1) The HKPF needs to come out and officially admit that using CS gas at 17:58 on 28/09/2014 was a mistake and they’re sorry to the public.

2) The Seven Black Police videoed beating Ken Tsang need to go on trial.

3) Franklin Chu needs to go on trial.

4) Wilson Yeung who needlessly pepper-sprayed me directly in the eyes for no reason and without warning needs to go on trial.

5) The Complaints Against Police Office (CAPO) needs to be completely shaken up. They should get rid of the attitude of, how do we find a way to exonerate this officer, and instead work off the basis that in any organization, there are people who need to be disciplined. Some need severe discipline. Some need to go to jail. In a force of 30,000 people there are going to be some bad eggs. This is actually good for morale and maintains integrity and respect for the other officers. What we have now is a feeling in the police force of, these democracy protesters are our enemies and we can not let them win at anything. We lost face to them during Occupy and that will never happen again. Therefore we will bend the law and pervert justice in order to protect our own and the ‘face’ of the police force whenever it comes to dealing with democracy protesters.

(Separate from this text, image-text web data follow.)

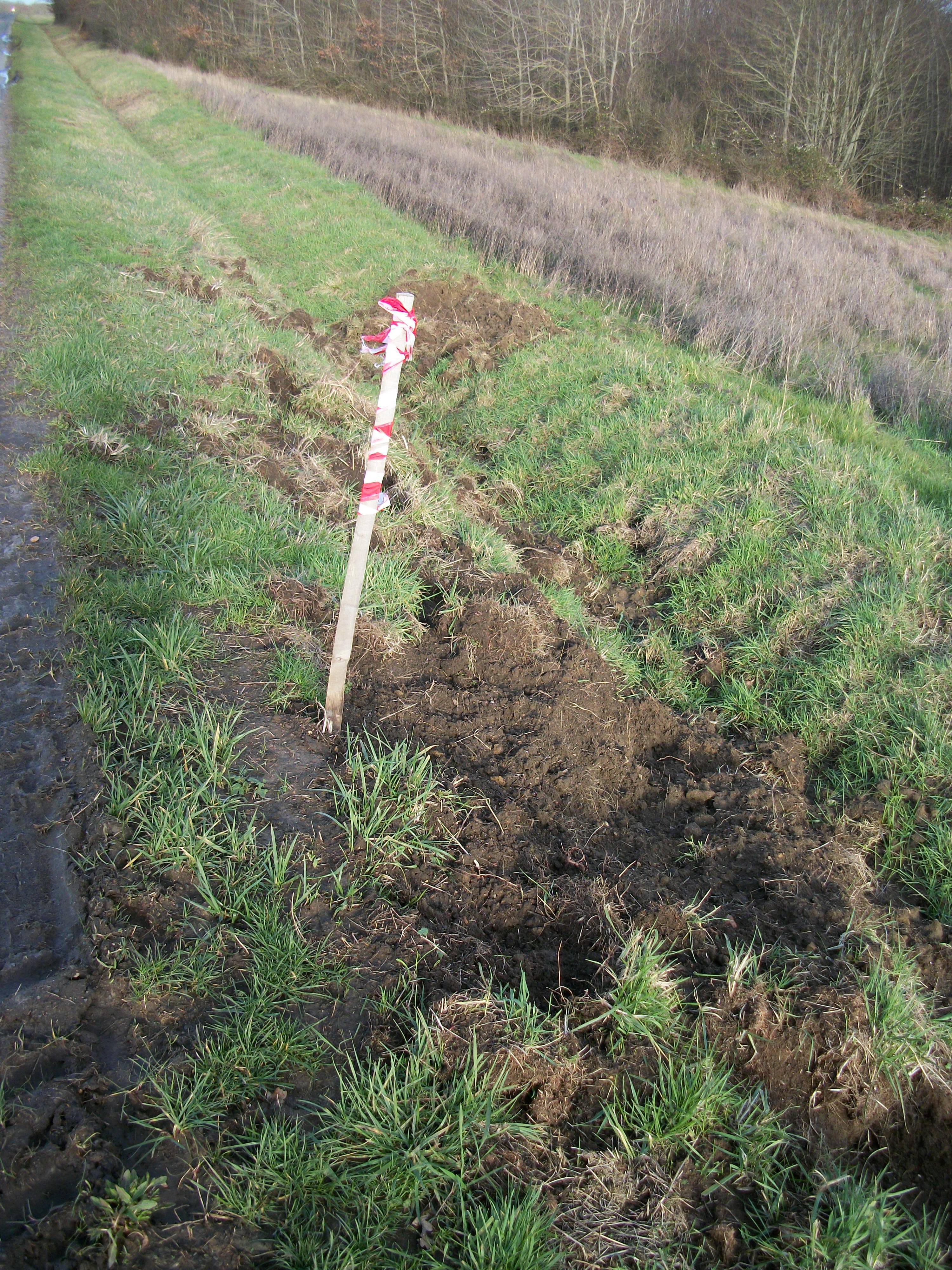 Je ne suis pas le seul à creuser par ici, les sangliers aussi sont en recherche !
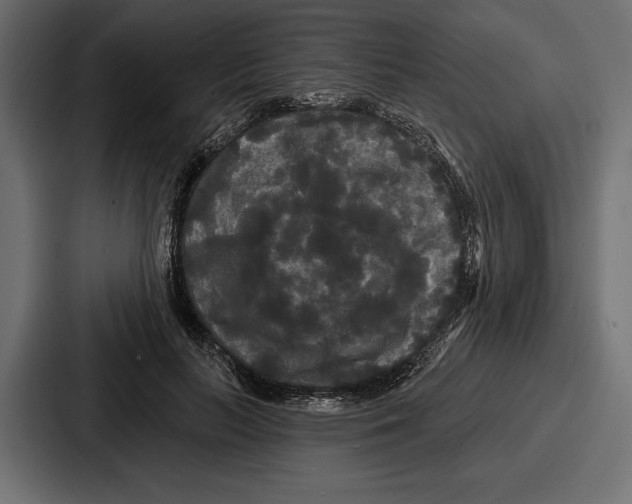 X0000086730647200705111616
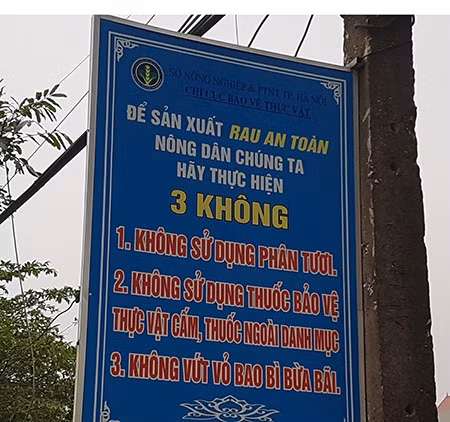 Sự thật khủng khiếp ở vựa rau an toàn cung ứng cho Hà Nội - Hình 2 Su that khung khiep o vua rau an toan cung ung cho Ha Noi-Hinh-2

6) No more putting people in taxis. Either they’re arrested or they’re left to find their own way home. Escorting violent people and putting them in a taxi is NOT keeping the peace. It’s collusion with dark forces. If people break the law, arrest them or leave them to their own devices. No more police home-escorts for people who have clearly broken the law.

7) No more mobilising 100s of PTU to protect aunties or CCP protesters. CCP supporters or aunties should be told that there is no longer police protection for their activities. People who break the law on Sai Yeung Choi Street or at protests will be arrested according to the law, but no more huge protection squads guarding people who are favoured by the Liaison Office.

8) No more pepper spraying peaceful protesters without warning. Pepper spray is a chemical weapon designed to subdue people who are clearly acting violently and will not desist in their activities. Pepper spray is NOT a means of passive crowd control.

9) No more threatening and hitting peaceful protesters with batons. Batons are an extreme weapon that should be used on people who are acting extremely violently or have weapons. Batons are not a form of passive crowd control.

REMEMBER – as a citizen I have a right to choose what actions I wish to carry out. If those actions do not physically threaten or harm anybody, then it is not a given that police can use extreme violence to prevent me from carrying them out. Law is a function of justice. The ultimate aim of a civil society, like Hong Kong is to create a society based on JUSTICE. Not on a society that only obeys laws. If I break the law, then I shall be put in front of a judge and given justice in accordance with what laws I have broken. Just because I break the law, it doesn’t then absolve me of my most basic humans rights of freedom from harm and physical violence. Meaning,

10) The police need to stop extra-judicial, street justice immediately.

11) Stop beating people up in the police vans or police stations.

12) When the police arrest someone, tell them IMMEDIATELY why they’re being arrested. Read them their rights before they are removed from the scene according to the Hong Kong Bill of Rights Ordinance, Article 5(2) Stop Hog-tying protesters like they’re armed psychopaths. Protesters arrested need to be given basic human dignity when they’re detained and not hauled off like pieces of meat with no rights.

Oh, one last point…. CLEAN THEIR SCRUFFY BOOTS and SHOES. Their boots are still a shabby mess, which is a direct reflection of the senior officers who command them.
Time to lean, time to clean! The commanding officers have no standards and it shows in the scruffy shoes of their subordinates.